Review: What if? by Randall Munroe (xkcd)

xkcdBy Line: Serious Scientific Answers to Absurd Hypothetical Questions
Published by: John Murray
ISBN 13: 9781848549586
Published: September 2014
Pages: 336
Format reviewed: Paperback
Site: Author Site
Goodreads: Book Page
Stars: Five out of Five

Most people would know Randall Munroe from this excellent webcomic xkcd which receives 600,000 to a million page hits daily. The comic’s tagline describes it as a “Stick-figure strip featuring humour about technology, science, mathematics and relationships. Randall is a CNU graduate with a degree in physics. Before starting xkcd, hr worked on robots at NASA’s Langley Research Center in Virginia, which is pretty dang awesome.
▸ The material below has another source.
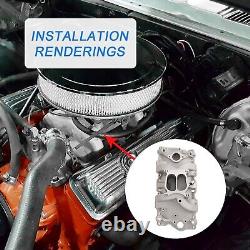 Front Intake Manifold Dual Plane 262-400 For Small Block 1955-1986 Chevy SBC NEW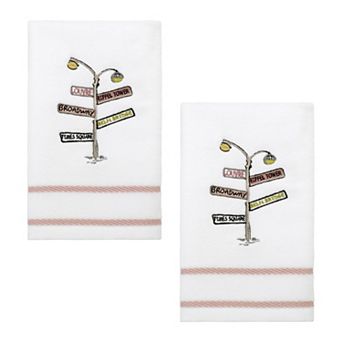 Nicole Miller City Girl 2 pc Embroidered Towel Set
Recently, Randall won a Hugo Award for Best Graphic Story in 2014, for “Time” which is a playable flick-book style comic. He also has a list of some pretty interesting inspired events of which you can read up on wiki.

All that aside, we’re here to talk about the actual book. Due to his background, Munroe receives emails asking him to solve disagreements between friends such as ‘My friend and I were arguing about what would happen if a bullet got struck by lightning, and we agreed that you should resolve it . . . ‘ This book is the result of his ability to answer scientific debates.

Example questions within this book are:

‘What is everyone actually had only one soul mate, a random person somewhere in the world?’

‘If an asteroid was very small but supermassive, could you really live on it like the Little Prince?’

It also has collections of ‘weird and worrying questions’ which he doesn’t answer, he just presents them to show what he receives. Such as:

‘How many houses are burned down in the United States every year? What would be the easiest way to increase that number by a significant amount (say at least 15%)?’

Throughout the book we see how Munroe runs computer simulations, pores over stacks of declassified military research memos, solves differential equations, and consults with nuclear reactor operators to come up with involved yet likely and explainable answers. the back of the book has references for those who want to look into things even more.

This is a fun book to look through even if you’re not mathematically or scientifically minded, and it’s a sure winner for a gift for that friend you’re not quite sure to get them. It’s actually quality whilst being a fun and amusing book.